[DATA SHOWN]

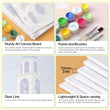 Santorini Coastal Views Mini Paint by Numbers Kit – Thin Canvas Board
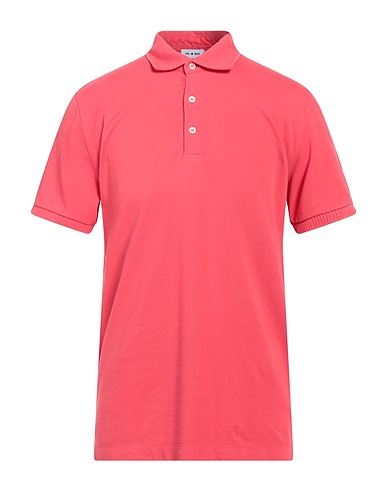 3RD · MAY Polo shirt Coral 100% Pima Cotton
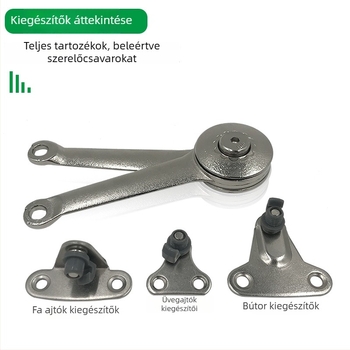 Ajtókhoz gázrugó, cink ötvözetből, modell FUS, az ajtó felnyitására és leeresztésére, modern minimál stílus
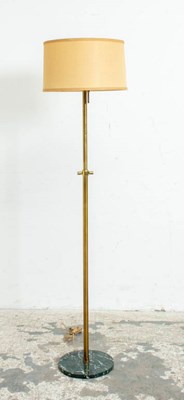 Lot 242 - Brass and Marble Adjustable Floor Lamp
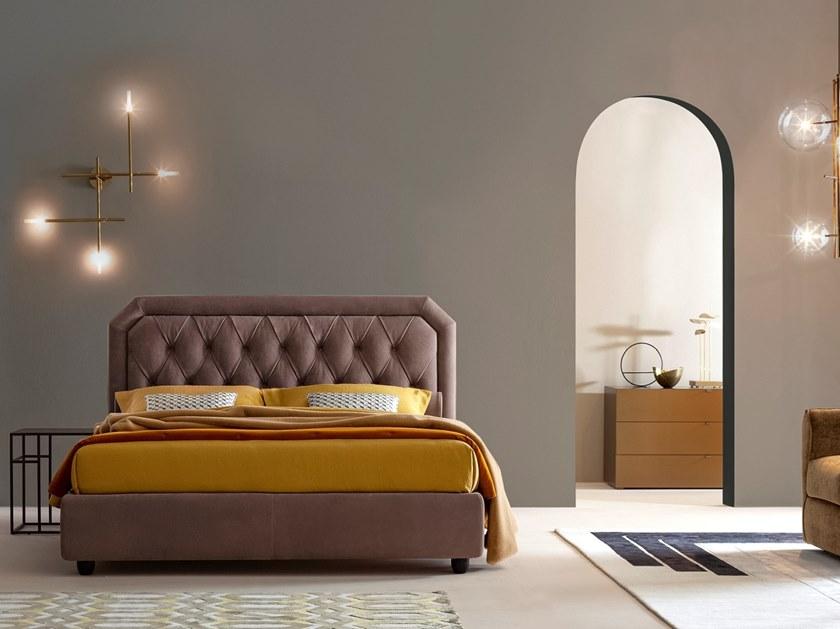 Twils Односпальная или двуспальная кровать с изголовьем капитоне Camille sun-id-1437806 - Вид №1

[/DATA SHOWN]

WHAT THE TASK REQUIRES |
Repeat nothing but the lines from the one containing "3RD · MAY Polo shirt Coral 100% Pima Cotton" through the end of the entries, exactly, and skip the pictures.

WRITTEN ANSWER |
 3RD · MAY Polo shirt Coral 100% Pima Cotton
 Ajtókhoz gázrugó, cink ötvözetből, modell FUS, az ajtó felnyitására és leeresztésére, modern minimál stílus
 Lot 242 - Brass and Marble Adjustable Floor Lamp
 Twils Односпальная или двуспальная кровать с изголовьем капитоне Camille sun-id-1437806 - Вид №1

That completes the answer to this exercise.